Since the 1950s, plastics have been substituted for metals in a multitude of applications and for a variety of reasons, including weight advantages, cost advantages, and the relative ease of creating complexly shaped substrates through molding. These factors prompted the development of suitable decorative finishing processes, specifically plating processes, starting in the early 1960s. Electroless metal deposition as a base for a thicker, decorative electrolytic deposit has proven extremely reliable and commercially successful. For lower-performance applications, electroless nickel is a suitable choice.

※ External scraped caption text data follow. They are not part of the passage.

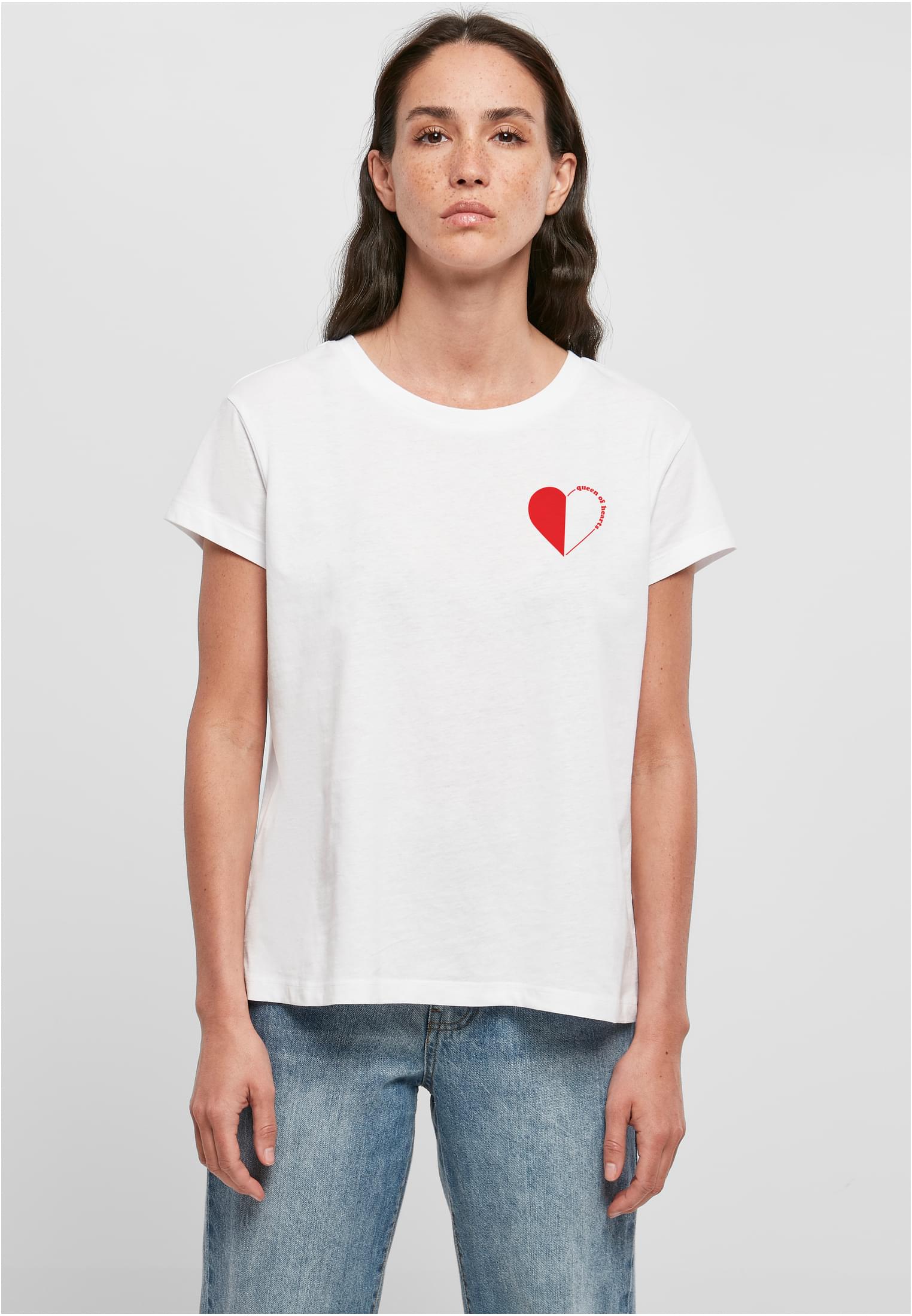 Levně Bílé tričko Queen of Hearts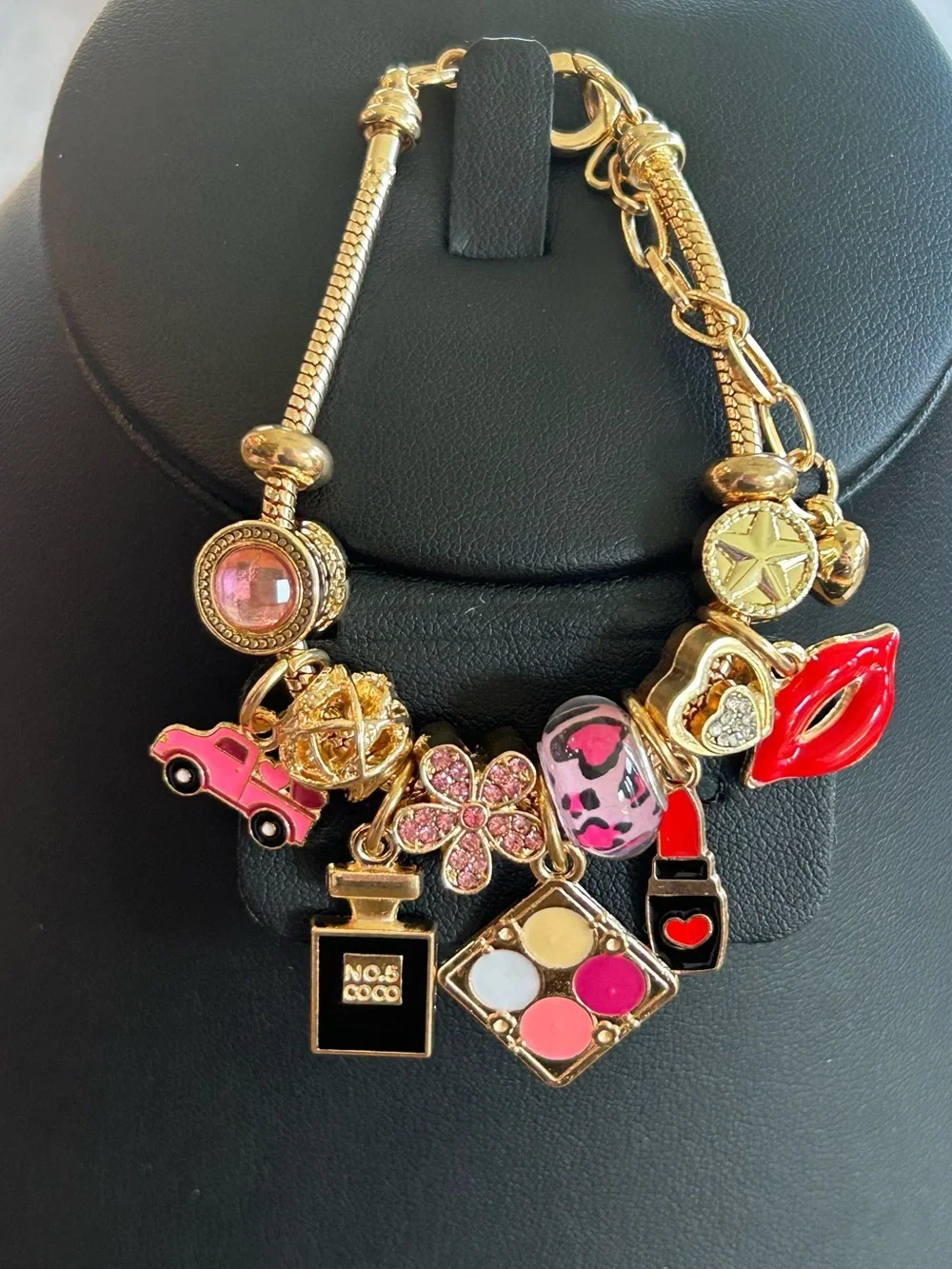 Brand New Gold Charm Bracelet with Pink and Red Enamel Makeup Charms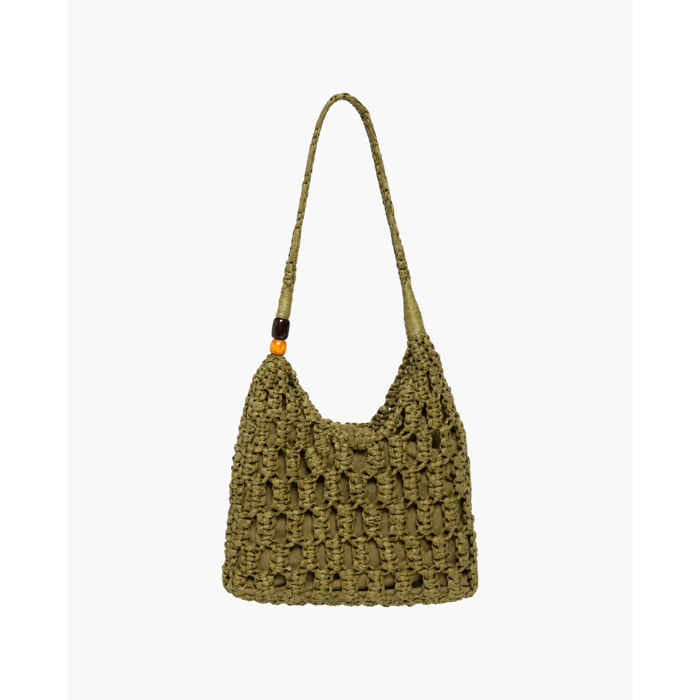 Bolso de rafia con bolso interior con cierre de frunce de mujer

However, ever since the demonstration in the 1970s that electroless copper provides better resistance to environmental exposure (Ref 29, 30), it has become the material of choice in the majority of higher-performance applications, especially automotive. The molded substrate is chemically treated to improve adhesion of the copper film (see the section "Processes" in this article), then about 0.5 to 0.75 pm of electroless copper is applied. Typically an electrolytic copper or Watts nickel strike follows, and then a thicker (12 to 25 pm) electrolytic bright acid copper deposit. Finishing coats of electrolytic nickel and/or chromium plating are then applied.

Substrate materials (Ref 28) for decorative plating-on plastic include acrylonitrile-butadiene-styrene (ABS), ABS/polycarbonate, polyphenylene oxide, polycarbonate, polysulfone, polyester, nylon, and so on. There are many grades for any given plastic, and these may differ considerably in plateability. Certain grades of foamed plastics may also be used. For decorative POP, ABS is by far the most commonly used plastic. ABS is a thermoplastic alloy with an acrylonitrile-styrene matrix that has butadiene rubber dispersed throughout. The butadiene is selectively etched by the pretreatment chemistry, creating a uniformly roughened surface suitable for plating.

In all POP applications, control of the molding process is critical. Care must be taken to avoid introducing stresses or strains, to avoid troublesome mold-release agents, to limit use of "regrind" resin, to ensure a resin-rich surface (in cases where fillers are used), and so on. The use of complexly shaped parts necessitates close attention to such details as mold design and maintenance, melt and mold temperatures, fill speed, and many other parameters. In designing or troubleshooting a plating-on-plastic process, it is critical to use molded parts of the exact grade and design to be used, as there is high interdependence between molding and plating processes.